Na karę 11 miesięcy więzienia skazał poznański sąd szkolną pedagog, która próbowała handlować narkotykami. Równie niskie wyroki otrzymało trzech innych oskarżonych. Kolejnym dwóm osobom sąd warunkowo zawiesił karę.

Kary są tak niskie bo sąd postanowił zastosować nadzwyczajne złagodzenie kary - każdy z oskarżonych już w czasie śledztwa przyznał się do winy i szczegółowo opisał jak nauczycielka wraz z mężem namawiała swoich byłych uczniów do handlu narkotykami.

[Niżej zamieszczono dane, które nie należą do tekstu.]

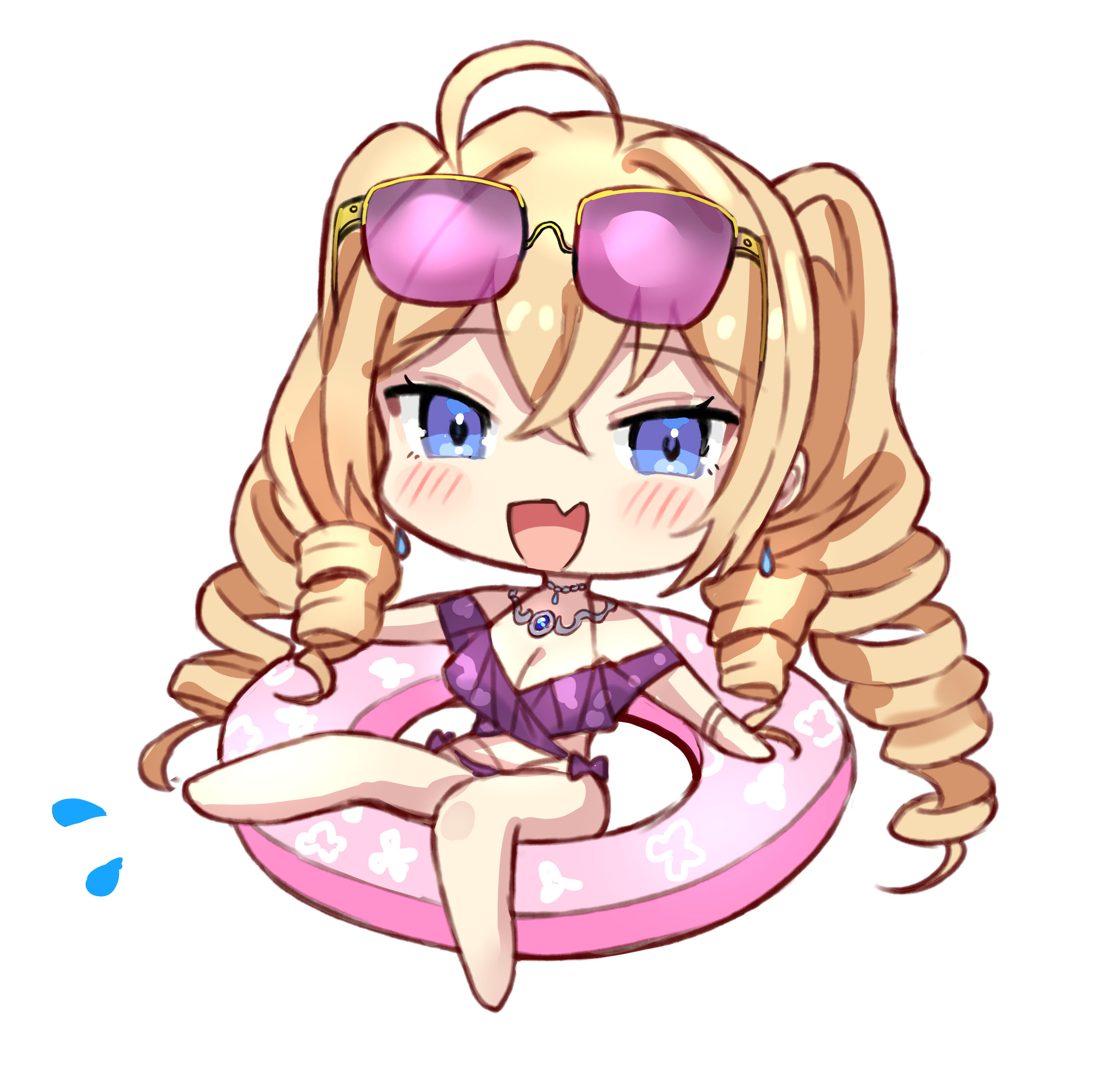 artist request, clothing request, commentary request, highres, 1girl, ahoge, bare shoulders, blonde hair, blue eyes, breasts, chibi, cleavage, danshi kinsei game sekai de ore ga yarubeki yuiitsu no koto yuri no ma ni hasamaru otoko to shite tensei shite shimaimashita, earrings, eyewear on head, fang, full body, gem, innertube, jewelry, large breasts, long hair, necklace, open mouth, ophelia von margeline, pink-tinted eyewear, ringlets, simple background, skin fang, smile, splashing, sunglasses, swim ring, swimsuit, tinted eyewear, very long hair, white background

Z prokuraturą współpracowała także sama pani pedagog. "Sąd nie tworzy przepisów, sąd te przepisy stosuje i sąd był zobowiązany sięgnąć do nadzwyczajnego złagodzenia" – tak uzasadniała swoją decyzję sędzia prowadząca sprawę. W takim przypadku oskarżony musi dostać wyrok niższy od dolnego pułapu przewidzianego przez prawo. Jedynie jeden z oskarżonych posiedzi w więzieniu dłużej. Artur F. cały czas nie przyznawał się do winy i od początku śledztwa odmawiał współpracy – został skazany na 4 lata. Pozostali oskarżeni wyszli dziś z sądu na wolność ponieważ zostali zwolnieni z aresztu tymczasowego, a większość z nich i tak odsiedziała już swoje kary. Wyrok nie jest prawomocny, nie wiadomo jednak czy prokuratura zamierza się od niego odwoływać.